All this did was create constant dissatisfaction. And, it continually disrupted the flow of abundance in my life. How can a river flow to the ocean with one-hundred and forty-six damns along the way?

Don’t Make GOALS?

Thich Nhat Hanh, the great Buddhist teacher, says we should not have GOALS.

What?! Really, we shouldn’t have goals?! But, then how would we ever get anywhere? How would we plan for the future? How would we know we could control the outcome of our lives?!!! 

Trying to control everything in your life is what creates your suffering. You set up your bank accounts, your spreadsheets, your 401k’s, your investments, your vision of what success looks like to you. It’s your STORY of what success looks like.

Then, you find yourself flailing along on the highs and lows each of these come with, and that creates more suffering for you. Every time you feel that things are not going according to your plan, you stop to curse the rocks in the middle of the river.

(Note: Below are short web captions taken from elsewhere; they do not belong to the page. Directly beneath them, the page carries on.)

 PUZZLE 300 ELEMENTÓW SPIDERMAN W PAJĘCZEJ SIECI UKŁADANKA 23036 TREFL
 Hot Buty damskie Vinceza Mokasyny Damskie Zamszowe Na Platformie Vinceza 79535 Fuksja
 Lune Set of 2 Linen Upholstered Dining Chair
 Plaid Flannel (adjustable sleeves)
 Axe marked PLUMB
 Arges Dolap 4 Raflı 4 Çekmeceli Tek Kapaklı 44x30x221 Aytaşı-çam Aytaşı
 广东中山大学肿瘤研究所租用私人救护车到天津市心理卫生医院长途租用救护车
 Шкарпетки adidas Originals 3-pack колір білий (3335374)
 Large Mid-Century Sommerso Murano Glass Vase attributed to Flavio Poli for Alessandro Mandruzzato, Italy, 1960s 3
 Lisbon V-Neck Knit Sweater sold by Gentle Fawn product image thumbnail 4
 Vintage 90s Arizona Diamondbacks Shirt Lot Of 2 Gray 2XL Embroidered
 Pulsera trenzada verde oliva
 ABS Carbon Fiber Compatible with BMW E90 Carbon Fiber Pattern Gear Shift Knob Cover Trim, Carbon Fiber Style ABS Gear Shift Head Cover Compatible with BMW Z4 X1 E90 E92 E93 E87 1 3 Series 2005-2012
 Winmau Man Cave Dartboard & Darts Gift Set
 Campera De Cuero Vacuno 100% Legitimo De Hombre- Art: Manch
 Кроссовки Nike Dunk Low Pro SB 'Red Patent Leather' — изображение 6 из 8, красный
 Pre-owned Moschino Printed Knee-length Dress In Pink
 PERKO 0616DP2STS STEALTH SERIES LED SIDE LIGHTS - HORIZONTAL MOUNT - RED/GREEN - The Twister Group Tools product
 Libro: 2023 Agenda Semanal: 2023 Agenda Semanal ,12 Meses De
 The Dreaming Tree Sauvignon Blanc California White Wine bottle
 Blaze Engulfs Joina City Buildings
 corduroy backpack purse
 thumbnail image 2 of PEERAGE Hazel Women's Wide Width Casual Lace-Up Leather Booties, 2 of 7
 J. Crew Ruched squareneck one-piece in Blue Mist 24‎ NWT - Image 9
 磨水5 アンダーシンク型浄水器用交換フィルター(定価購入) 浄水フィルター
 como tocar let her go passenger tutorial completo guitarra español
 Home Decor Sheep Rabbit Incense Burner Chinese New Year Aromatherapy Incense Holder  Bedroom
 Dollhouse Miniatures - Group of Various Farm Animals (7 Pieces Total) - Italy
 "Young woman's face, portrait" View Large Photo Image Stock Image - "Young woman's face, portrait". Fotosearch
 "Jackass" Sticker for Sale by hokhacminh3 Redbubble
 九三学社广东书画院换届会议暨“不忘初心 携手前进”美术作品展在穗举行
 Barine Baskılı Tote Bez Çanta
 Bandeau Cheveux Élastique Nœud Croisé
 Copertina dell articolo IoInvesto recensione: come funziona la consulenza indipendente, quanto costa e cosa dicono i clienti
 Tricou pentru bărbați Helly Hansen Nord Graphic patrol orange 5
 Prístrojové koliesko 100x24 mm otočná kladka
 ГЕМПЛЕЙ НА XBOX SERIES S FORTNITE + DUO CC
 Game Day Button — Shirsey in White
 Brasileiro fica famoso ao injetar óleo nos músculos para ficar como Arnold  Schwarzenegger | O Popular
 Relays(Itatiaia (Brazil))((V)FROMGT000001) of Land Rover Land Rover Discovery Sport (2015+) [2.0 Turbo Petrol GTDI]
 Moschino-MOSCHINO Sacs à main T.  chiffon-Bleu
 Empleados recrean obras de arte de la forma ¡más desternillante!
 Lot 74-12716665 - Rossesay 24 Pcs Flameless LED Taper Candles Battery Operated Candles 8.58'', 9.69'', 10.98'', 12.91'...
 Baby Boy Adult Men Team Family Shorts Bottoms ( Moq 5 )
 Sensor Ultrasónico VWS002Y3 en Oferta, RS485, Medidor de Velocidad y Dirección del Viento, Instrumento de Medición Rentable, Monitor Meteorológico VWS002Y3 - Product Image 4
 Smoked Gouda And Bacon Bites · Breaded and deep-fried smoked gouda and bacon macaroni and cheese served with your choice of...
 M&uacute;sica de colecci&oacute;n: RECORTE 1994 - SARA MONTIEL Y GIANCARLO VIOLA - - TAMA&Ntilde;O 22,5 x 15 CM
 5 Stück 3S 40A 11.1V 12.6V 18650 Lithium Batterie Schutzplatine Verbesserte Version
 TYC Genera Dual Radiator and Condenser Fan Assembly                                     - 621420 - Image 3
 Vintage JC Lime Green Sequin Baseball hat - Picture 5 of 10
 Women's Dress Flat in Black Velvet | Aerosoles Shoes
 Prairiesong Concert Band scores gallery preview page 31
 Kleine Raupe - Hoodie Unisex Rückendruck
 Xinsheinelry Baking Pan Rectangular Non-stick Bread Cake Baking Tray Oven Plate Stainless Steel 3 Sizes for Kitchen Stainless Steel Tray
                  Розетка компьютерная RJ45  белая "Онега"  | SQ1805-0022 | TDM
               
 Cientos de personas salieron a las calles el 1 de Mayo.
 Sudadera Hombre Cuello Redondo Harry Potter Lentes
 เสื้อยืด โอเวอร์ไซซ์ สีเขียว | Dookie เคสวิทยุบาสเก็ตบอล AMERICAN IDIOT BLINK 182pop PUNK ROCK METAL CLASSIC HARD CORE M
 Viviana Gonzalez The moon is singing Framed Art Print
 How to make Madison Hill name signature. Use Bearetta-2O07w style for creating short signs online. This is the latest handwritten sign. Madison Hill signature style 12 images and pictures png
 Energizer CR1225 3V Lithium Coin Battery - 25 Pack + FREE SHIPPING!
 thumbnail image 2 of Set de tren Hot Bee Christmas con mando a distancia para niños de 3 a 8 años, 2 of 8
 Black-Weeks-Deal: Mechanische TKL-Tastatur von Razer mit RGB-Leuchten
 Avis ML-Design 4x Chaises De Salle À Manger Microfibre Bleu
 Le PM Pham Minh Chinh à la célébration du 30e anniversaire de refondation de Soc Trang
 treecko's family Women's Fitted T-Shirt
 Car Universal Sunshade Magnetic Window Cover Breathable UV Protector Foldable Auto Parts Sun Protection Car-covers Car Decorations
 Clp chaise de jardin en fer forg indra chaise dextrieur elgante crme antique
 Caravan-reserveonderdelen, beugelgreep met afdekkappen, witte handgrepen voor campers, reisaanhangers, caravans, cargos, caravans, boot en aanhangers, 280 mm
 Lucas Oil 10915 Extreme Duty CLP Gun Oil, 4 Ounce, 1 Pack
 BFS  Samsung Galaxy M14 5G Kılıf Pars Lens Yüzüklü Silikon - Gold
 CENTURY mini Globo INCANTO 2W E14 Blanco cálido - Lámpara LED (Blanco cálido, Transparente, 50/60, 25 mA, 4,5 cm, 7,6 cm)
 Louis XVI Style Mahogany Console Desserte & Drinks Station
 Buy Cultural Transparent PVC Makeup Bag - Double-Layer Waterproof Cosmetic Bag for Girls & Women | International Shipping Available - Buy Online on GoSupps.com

Releasing control ends suffering. Control is trying to hold onto everything, to influence and manipulate the course of the river. Control is trying to swim upstream. The beauty and “success” of life is already here, happening right now. The beauty of life IS now. It is not something you need to struggle to reach somewhere “out there.”

This isn’t to say we shouldn’t strive for certain things in our lives. But, those “strivings” should also be a flow – a natural expression of who you are, rather then a struggle to try to be something you are not yet.

So, yes, set up your intentions for your life. Spend time reflecting on them every day. Think of them with hope. Speak them naturally and easily to the Universe and to the people you meet.

But, then, Go with the flow.

Rocks are part of the stream.

In fact, they are a necessary part of the stream. Do not curse them. They are simply re-directing you. Follow the direction they are creating. Seek the gifts in every challenge you come upon. Don’t be a victim of the story your misconceptions would have you create, based on ideas that only cause you pain.

Create your own story! :)  Let go of your ideas of who you NEED to be, and simply be…who you are, now.